The name, the meteoric career as a fashion model, and the suddenness of her death guaranteed lurid headlines, like the one in the National Enquirer – TRAGIC LAST DAYS OF MARGAUX HEMINGWAY: HOW THE GIRL WHO HAD EVERYTHING LOST IT ALL. Though there was no note, and though the autopsy results would not be released for seven weeks, the reports hinted of suicide, mentioning that she died the day before the thirty-first anniversary of her grandfather's death by his own hand.
But when I spoke with the people who knew her best, her sister Mariel and close friends like Ali MacGraw, Beverly Johnson, and Maryam D'Abo, they were certain her death was accidental. They remembered her not as a victim, but as a sweet, vulnerable and caring friend; a woman who may have been injured by a too early brush with the limelight but was not destroyed by it; someone who struggled, as all of us do, to overcome our disappointments and find meaning in the ordinary events of our lives.
“We, as a society, assign certain moments as the apex of your existence,” Ali MacGraw said about Margaux, “but it's not the truth of your life.
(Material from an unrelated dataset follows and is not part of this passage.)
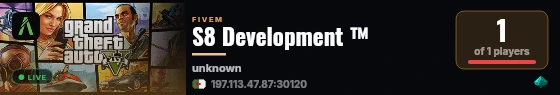 S8 Development ™ live status badge
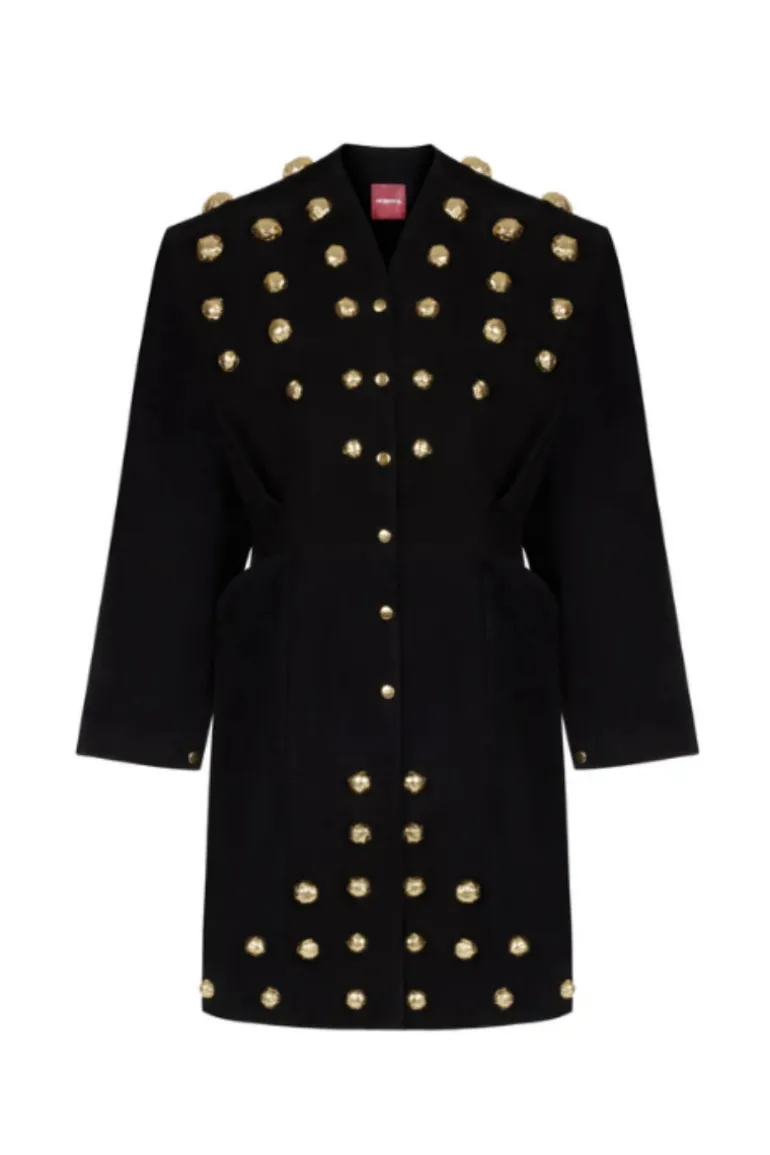 Coats<CULT MIA THE GOLDEN METEORITE COAT Black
Anybody who lives in the fast lane gets knocked hard, but she stayed unspoiled.”
“Margaux had depressed moments, as we all do,” Mariel said, “but she wanted to be well and happy. Nobody struggled harder than she did to make life better for herself.”
“I missed not working and I felt the death loneliness that comes at the end of every day that is wasted in your life.”
Ernest Hemingway
Margaux Hemingway did not plan in becoming a model or an actress or anything else, for that matter. She was an indifferent student who dropped out of high school to bum around the country and find herself. An old boyfriend from her hometown of Ketchum, Idaho, told a reporter about a trip they took around that time (and set an early precedent for men commenting on her weight

“Margaux was probably 40 pounds heavier than she is now, so she was not too happy with herself – she didn't look too foxy... She would walk into a second-hand clothing store and say, 'Hi, I was wondering if you were hiring any salesladies today.' I would say, 'Margaux, what are you doing?' and she would say, 'I don't know what I'm doing. I know I want to do something, but I don't know what it is.'”
After doing some public-relations work for Evel Knievel, she and a friend went to New York, where they stayed at the Plaza hotel because her father had once told her, “To meet interesting people, you have to go to interesting places.” To a nineteen-year-old self-described “little **** in cowboy boots,” 34-year-old Errol Wetson, the founder of a chain of hamburger restaurants, who spied Margaux at the Palm Court restaurant, must have fit that bill. Maybe it was his experience judging beauty contests on Colombia, but Wetson had no trouble recognising the extraordinary beauty of Margaux's high, angular cheekbones (inherited from her half-Shoshone mother), her perfect little nose, and her wide, sensual mouth that had a funny way of turning down, even when she smiled.
Years later, Margaux would call Wetson a “jerk” in print, but even back then, nobody had much good to say about the man she married a year later. “[He] is aesthetically as wrong for Margaux Hemingway as that fellow in The Philadelphia Story, the one who preened himself over Katharine Hepburn when we knew all the time she was predestined to make it up with Cary Grant,” James Brady wrote in Esquire.
“She always preferred guys who weren't that attractive,” Milan explained, “because she thought they'd be more into her.”